Performing Multidimensional Queries (also Including Geographic Attributes)
Source:vignettes/v70-star_query.Rmd
v70-star_query.Rmd
Introduction
Once we developed a star database in R using the rolap
package, in addition to exporting it to exploit it with other tools, we
can perform multidimensional queries from R: The rolap
package provides the functionality to define geographic attributes and
formulate and execute simple queries on a multidimensional schema that
includes them.
The main objective of this document is to show the multidimensional query formulation and execution functionality offered by this package. First, the data model is briefly discussed: the possibility of defining stars and constellations. Then, the geographic attributes definition functionality is also shown. Next, the functions defined to support multidimensional queries are presented. Finally, finish with the conclusions.
Stars and constellations
Strictly speaking, a star is composed of a fact table and
several associated dimension tables. A constellation is made up
of several stars that can share dimensions. In the rolap
package they are treated in a unified way under the
star_database
class: It is used both to define stars and
constellations.
The variable mrs_db
, obtained in the vignette titled
Obtaining and transforming flat tables,
vignette("v05-flat-table-op")
, contains an object of class
star_database
that we will use in the example.
class(mrs_db)
#> [1] "star_database"
We can see a representation of the tables it contains using the
draw_tables()
function, as shown below.
mrs_db |>
draw_tables()
We can see that it is a constellation because it contains more than one fact table.

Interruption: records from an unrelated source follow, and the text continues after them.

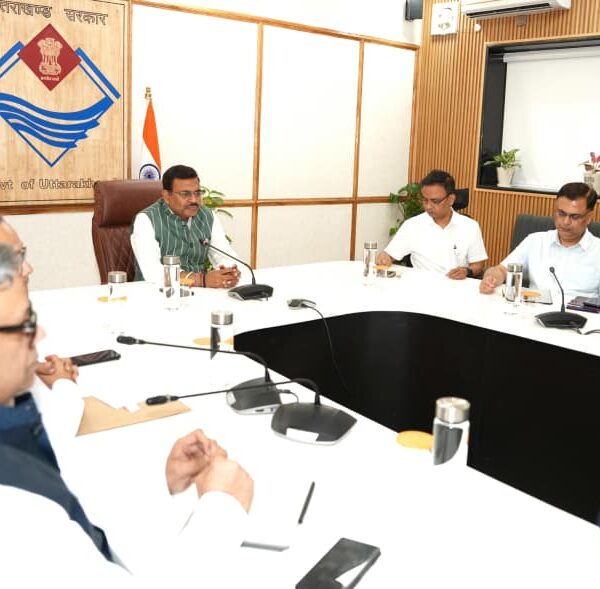 मुख्य सचिव आनन्द बर्द्धन ने जिलाधिकारियों के साथ वीडियोकॉन्फ़्रेंसिंग के माध्यम से विभिन्न बिंदुओं पर चर्चा कर महत्त्वपूर्ण दिशा निर्देश दिए।
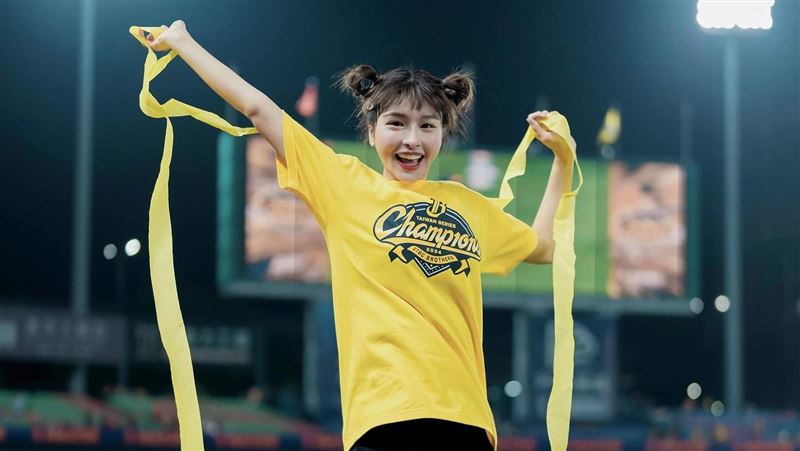 缺席洲際球場 峮峮遭嫌班表變少不忍了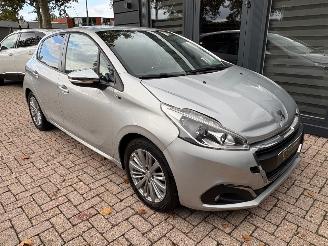 Peugeot 208 1.2 PureTech Style 5 deurs | Navi Lm-velgen Pdc picture 7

Include geographic information layers
The rolap
package allows us to include layers of
geographic information associated with dimension attributes. The
objective is to be able to obtain layers of geographic information with
the data contained in the multidimensional database.
In the considered case, the table of dimension where
contains geographical information in the form of the coordinates
(latitude and longitude) of each city. We can define the
city
field as a geographic attribute.
mrs_db_geo <- mrs_db |>
define_geoattribute(
dimension = "where",
attribute = "city",
from_attribute = c("long", "lat")
)
We can also associate the geographic information of a vector layer of points or polygons to an attribute (or set of attributes), using the same function.
mrs_db_geo <- mrs_db_geo |>
define_geoattribute(
dimension = "where",
attribute = "state",
from_layer = us_layer_state,
by = "STUSPS"
)
The vector layer used is defined at the state level. If there is another field at another level of detail in the layer, the same layer can be used to define other attributes of coarser granularity.
mrs_db_geo <- mrs_db_geo |>
define_geoattribute(
dimension = "where",
attribute = "region",
from_layer = us_layer_state,
by = "DIVISION"
)
If there is no field in the layer that allows us to establish the relationship, the information associated with other attributes of the dimension can be used.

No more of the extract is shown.